**TASK PROMPT**.
Copy out each line of the material below that holds the string "Used".

**RECORDS SUPPLIED**.
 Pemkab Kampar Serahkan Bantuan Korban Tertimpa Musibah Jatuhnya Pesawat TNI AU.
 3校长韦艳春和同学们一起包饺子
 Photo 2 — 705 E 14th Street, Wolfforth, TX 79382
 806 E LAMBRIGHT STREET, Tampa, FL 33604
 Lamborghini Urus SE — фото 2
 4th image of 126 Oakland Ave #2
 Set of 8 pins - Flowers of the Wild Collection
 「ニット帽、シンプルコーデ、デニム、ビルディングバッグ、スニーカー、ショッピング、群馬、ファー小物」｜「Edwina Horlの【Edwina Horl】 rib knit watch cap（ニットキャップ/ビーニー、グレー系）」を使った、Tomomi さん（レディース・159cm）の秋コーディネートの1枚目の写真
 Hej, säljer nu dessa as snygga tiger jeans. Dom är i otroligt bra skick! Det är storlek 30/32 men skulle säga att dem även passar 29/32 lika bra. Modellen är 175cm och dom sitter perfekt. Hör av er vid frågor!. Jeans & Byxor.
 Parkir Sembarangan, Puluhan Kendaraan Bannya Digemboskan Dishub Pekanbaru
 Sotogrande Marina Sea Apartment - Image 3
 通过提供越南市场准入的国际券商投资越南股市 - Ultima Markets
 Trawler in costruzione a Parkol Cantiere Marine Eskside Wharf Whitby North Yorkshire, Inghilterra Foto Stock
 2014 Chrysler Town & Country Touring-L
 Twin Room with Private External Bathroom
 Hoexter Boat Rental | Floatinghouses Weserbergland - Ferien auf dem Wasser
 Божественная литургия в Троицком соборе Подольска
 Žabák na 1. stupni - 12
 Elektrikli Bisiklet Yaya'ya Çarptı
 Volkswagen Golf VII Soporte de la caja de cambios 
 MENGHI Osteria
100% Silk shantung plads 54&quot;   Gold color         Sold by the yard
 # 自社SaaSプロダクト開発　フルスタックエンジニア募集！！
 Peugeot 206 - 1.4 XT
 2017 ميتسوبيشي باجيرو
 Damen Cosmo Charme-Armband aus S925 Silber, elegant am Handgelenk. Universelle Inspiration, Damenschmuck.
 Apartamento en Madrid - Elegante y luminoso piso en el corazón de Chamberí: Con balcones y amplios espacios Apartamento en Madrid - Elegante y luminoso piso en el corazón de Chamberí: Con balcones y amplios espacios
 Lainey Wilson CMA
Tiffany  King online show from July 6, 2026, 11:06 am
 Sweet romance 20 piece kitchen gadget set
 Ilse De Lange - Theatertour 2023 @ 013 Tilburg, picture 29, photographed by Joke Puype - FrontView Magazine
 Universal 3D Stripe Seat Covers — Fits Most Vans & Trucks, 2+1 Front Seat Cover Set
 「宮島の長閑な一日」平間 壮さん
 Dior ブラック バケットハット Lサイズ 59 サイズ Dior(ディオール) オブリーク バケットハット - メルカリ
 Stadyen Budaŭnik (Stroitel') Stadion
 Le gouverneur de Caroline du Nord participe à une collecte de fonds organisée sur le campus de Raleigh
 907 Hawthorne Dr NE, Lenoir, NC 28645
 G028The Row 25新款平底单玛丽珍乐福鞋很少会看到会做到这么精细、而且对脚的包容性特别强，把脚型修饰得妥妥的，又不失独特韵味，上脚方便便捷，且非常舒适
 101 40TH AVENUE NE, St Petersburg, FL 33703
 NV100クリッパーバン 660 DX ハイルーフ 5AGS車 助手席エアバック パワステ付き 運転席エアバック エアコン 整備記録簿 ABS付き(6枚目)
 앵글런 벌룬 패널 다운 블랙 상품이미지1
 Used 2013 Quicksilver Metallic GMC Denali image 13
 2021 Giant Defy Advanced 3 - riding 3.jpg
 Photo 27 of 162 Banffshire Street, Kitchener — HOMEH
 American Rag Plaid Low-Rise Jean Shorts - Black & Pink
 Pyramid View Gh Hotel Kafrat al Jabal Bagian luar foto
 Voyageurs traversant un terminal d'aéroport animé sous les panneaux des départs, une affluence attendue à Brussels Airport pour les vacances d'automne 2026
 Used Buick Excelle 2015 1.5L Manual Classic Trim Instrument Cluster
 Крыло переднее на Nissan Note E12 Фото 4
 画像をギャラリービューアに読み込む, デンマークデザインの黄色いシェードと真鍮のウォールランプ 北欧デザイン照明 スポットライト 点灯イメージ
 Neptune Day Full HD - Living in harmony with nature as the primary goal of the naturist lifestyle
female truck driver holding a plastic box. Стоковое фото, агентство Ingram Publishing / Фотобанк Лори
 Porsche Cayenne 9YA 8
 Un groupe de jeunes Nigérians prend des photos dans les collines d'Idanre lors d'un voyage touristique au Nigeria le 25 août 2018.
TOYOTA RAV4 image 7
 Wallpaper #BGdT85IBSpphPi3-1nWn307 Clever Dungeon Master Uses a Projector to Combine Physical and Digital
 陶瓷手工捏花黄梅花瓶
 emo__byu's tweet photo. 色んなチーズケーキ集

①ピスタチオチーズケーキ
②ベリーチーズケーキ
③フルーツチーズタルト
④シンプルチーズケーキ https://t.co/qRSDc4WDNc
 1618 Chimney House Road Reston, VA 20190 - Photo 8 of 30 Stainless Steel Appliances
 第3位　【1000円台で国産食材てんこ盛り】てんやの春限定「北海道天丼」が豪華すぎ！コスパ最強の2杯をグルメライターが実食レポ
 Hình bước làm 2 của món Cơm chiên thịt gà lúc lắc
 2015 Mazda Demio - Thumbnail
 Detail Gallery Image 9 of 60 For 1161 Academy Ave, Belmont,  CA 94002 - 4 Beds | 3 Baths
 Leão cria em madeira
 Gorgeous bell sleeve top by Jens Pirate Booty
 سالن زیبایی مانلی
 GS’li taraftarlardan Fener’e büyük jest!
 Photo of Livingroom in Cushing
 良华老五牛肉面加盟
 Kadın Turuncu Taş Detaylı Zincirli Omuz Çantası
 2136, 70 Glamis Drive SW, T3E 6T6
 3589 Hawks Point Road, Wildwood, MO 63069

**ANSWER TO THE PROBLEM**.
 Used 2013 Quicksilver Metallic GMC Denali image 13
 Used Buick Excelle 2015 1.5L Manual Classic Trim Instrument Cluster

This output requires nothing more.